Sur le plan idéologique, le néolibéralisme est une médiocre imitation de l’économie politique bourgeoise de la fin du XVIIIe siècle. Il reprend une idée d’Adam Smith (1723-1790) : la poursuite des intérêts individuels, égoïstes, aboutit paradoxalement à « l’harmonie sociale », grâce à la « main invisible » du marché. Conclusion de nos fondamentalistes néolibéraux : il faut tout livrer au marché. L’Etat ne doit pas intervenir dans l’économie. A bas le secteur public ! A bas les systèmes de protection sociale ! Il faut tout privatiser – y compris la santé et l’éducation ! S’ils pouvaient nous vendre l’air qu’on respire, ils le feraient.
La vague néolibérale
Les trois décennies qui ont précédé la crise de 2008 furent l’âge d’or du néolibéralisme. La récession mondiale de 1973-74 était passée par là, refermant le cycle des « trente glorieuses », avec ses taux de croissance élevés, son plein emploi et ses réformes sociales (du moins dans les pays capitalistes les plus développés). A partir de la crise de 1973-74, les bourgeoisies lancent une offensive générale contre les conquêtes sociales arrachées par notre classe après la Deuxième Guerre mondiale. Le néolibéralisme n’était alors que le « nouveau » drapeau sous lequel cette offensive réactionnaire était menée.
Plusieurs facteurs facilitèrent le travail des politiciens bourgeois.
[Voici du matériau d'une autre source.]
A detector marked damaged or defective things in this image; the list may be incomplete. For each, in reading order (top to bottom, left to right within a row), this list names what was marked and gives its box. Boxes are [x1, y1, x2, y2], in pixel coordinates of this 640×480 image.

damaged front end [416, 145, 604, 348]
La profonde crise des régimes staliniens du Bloc de l’Est, puis leur effondrement en 1989-91, offrirent un argument de choix aux apôtres du « libre marché ». Par ailleurs, les dirigeants du mouvement ouvrier (« communistes » compris) plièrent sous cette pression et renoncèrent officiellement à l’objectif de renverser le capitalisme.
Le masque tombe
La crise mondiale de 2008 marqua un tournant. Soudainement, les mêmes qui nous expliquaient, depuis 30 ans, que l’Etat ne devait pas intervenir dans l’économie, se tournèrent vers les gouvernements, les mains grandes ouvertes, pour exiger qu’ils sauvent les banques et les multinationales au bord de la faillite. Les gouvernements s’exécutèrent : ils intervinrent à coup de centaines de milliards – puis présentèrent la lourde addition aux jeunes, aux travailleurs et aux retraités, sous la forme de politiques d’austérité drastiques.
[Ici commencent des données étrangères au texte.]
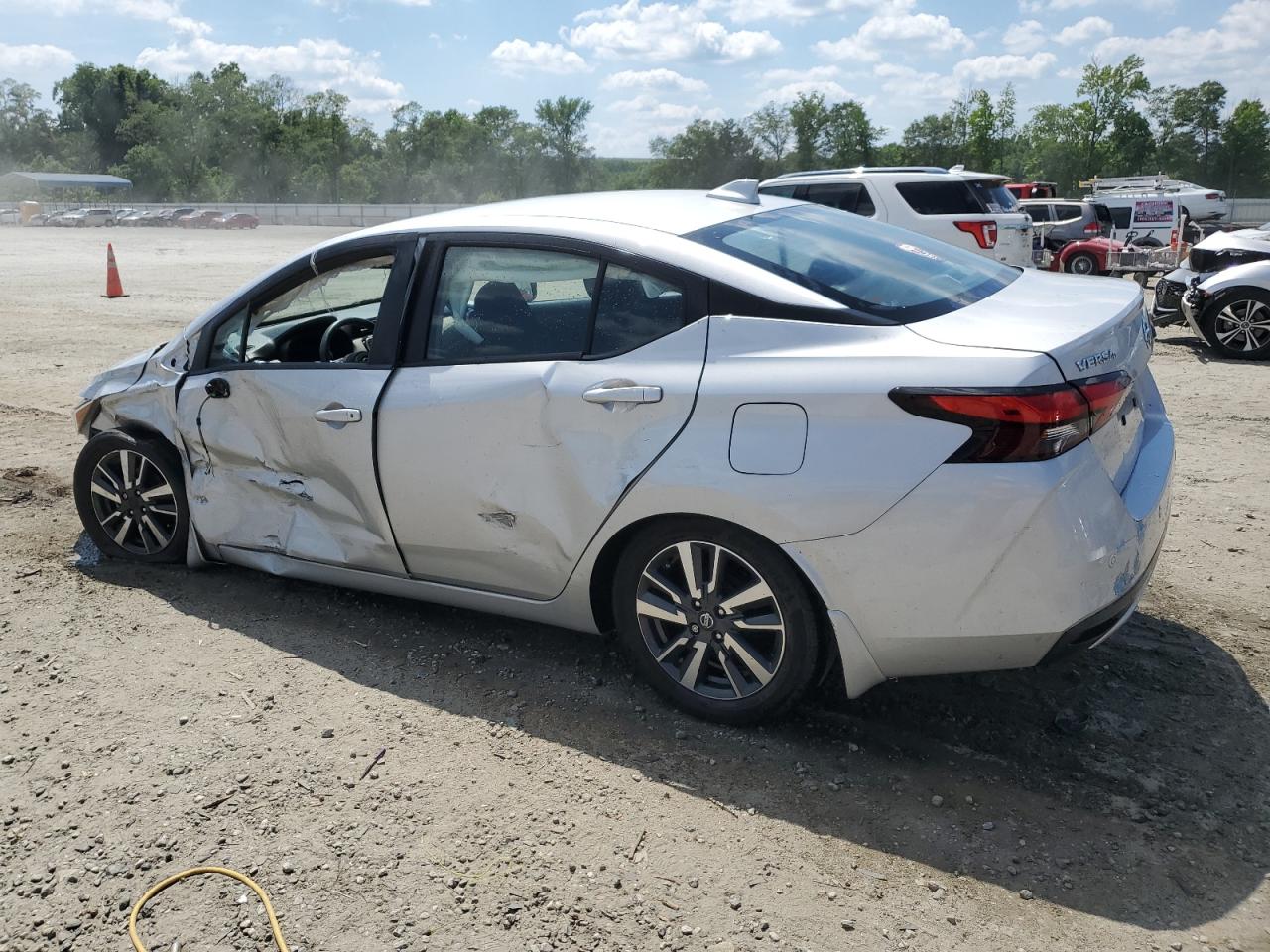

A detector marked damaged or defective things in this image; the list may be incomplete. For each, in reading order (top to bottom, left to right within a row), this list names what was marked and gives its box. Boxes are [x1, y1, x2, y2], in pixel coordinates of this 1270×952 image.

dented door panel [174, 367, 401, 571]
dented door panel [377, 323, 714, 599]
damaged silver sedan [76, 184, 1175, 722]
Les théories néolibérales et leurs partisans en sortirent passablement discrédités. Une fois dépouillé de sa critique de « l’intervention de l’Etat », le discours des néolibéraux (ou des ex-néolibéraux) apparaît dans la nudité de son contenu de classe : c’est le discours de la grande bourgeoisie qui, dans sa course aux profits, ne s’embarrasse d’aucun principe théorique.
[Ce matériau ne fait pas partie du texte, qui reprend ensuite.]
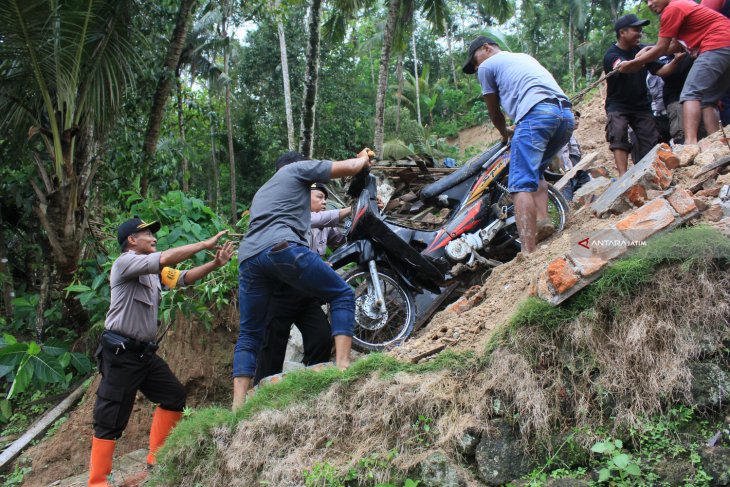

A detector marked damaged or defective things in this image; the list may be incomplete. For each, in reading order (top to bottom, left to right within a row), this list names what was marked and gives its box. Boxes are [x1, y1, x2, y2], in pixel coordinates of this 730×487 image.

wrecked motorcycle [328, 141, 572, 350]
pile of broken bricks [528, 127, 728, 306]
Ainsi, le néolibéralisme n’est qu’une des armes – idéologiques et politiques – dans l’arsenal de la classe dirigeante. Il ne disparaîtra définitivement qu’avec le capitalisme lui-même. C’est donc à ce système qu’il faut s’attaquer, et pas seulement au néolibéralisme. A l’heure de sa crise organique, le capitalisme mondial n’ouvre pas d’autre perspective que la régression sociale permanente, les guerres et le chaos climatique. Il n’y a pas et il n’y aura jamais de « bon » capitalisme. Il doit être renversé.